Exercise data:
————
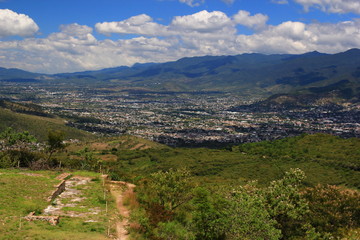 Fototapeta na wymiar Monte Alban, Oaxaca, Mexico
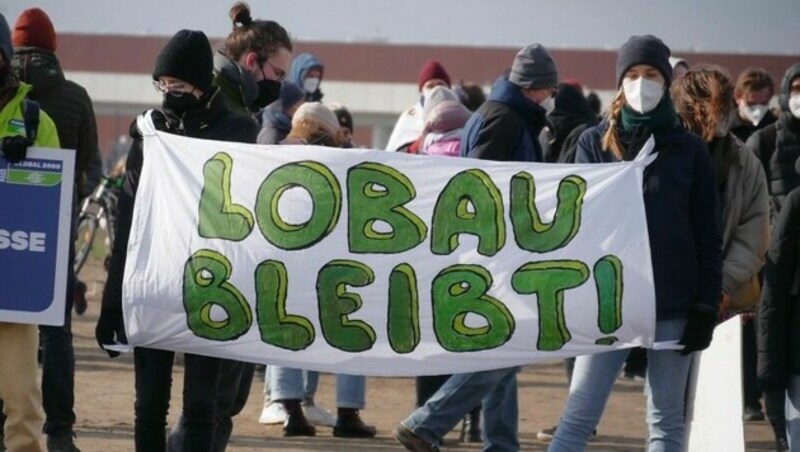 Klimaaktivisten protestieren gegen die Errichtung der Stadtstraße in Wien (Bild: System Change not Climate Change/Lobau bleibt)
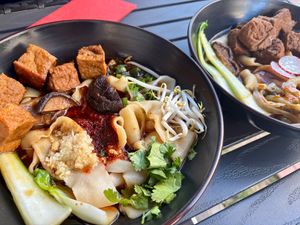 Tingly noodles & biang biang noodles, both with tofu and mushroom at AM-SU Handpulled Noodles in Frankfurt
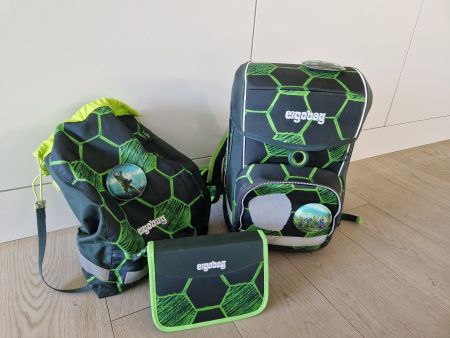 Ergobag Schulrucksack mit Etui und Turnsack (grün Fussball)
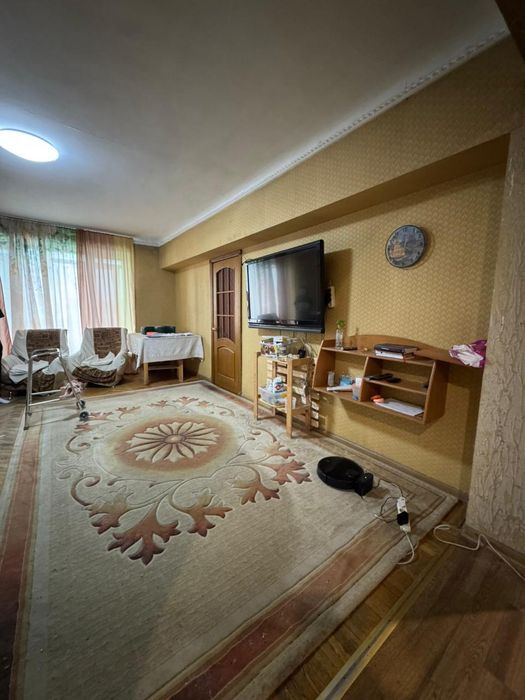 Продам 4-х комнатную квартиру в Алматы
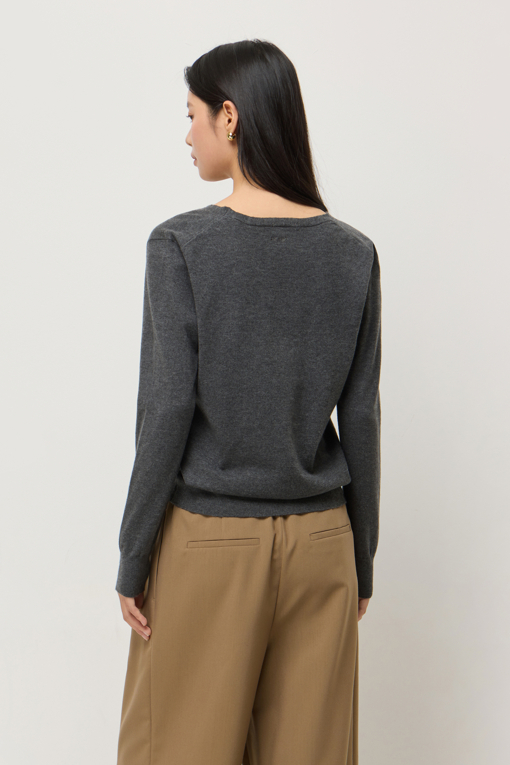 https://img.benettonmall.com/PARTS/KS/25F/SAKPE4561CG_MB_D2.jpg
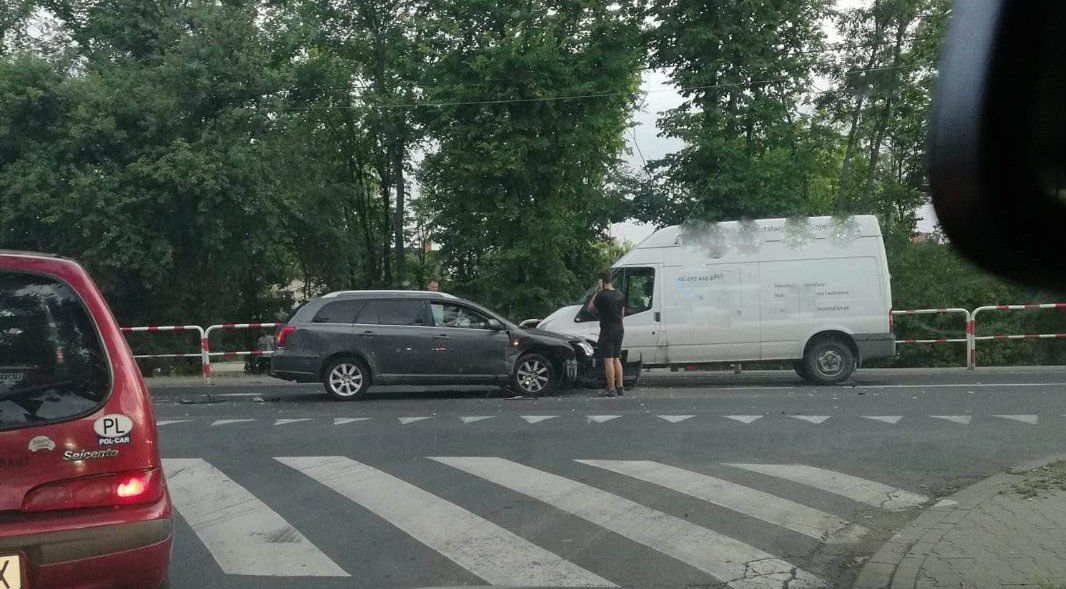 Zderzenie samochodów na skrzyżowaniu ul. Mateckiego i Obornickiej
————
Brief:
Each line from the top of the material through the line containing "Klimaaktivisten protestieren gegen" should be reproduced exactly; please drop any images.

Your solution:
 Fototapeta na wymiar Monte Alban, Oaxaca, Mexico
 Klimaaktivisten protestieren gegen die Errichtung der Stadtstraße in Wien (Bild: System Change not Climate Change/Lobau bleibt)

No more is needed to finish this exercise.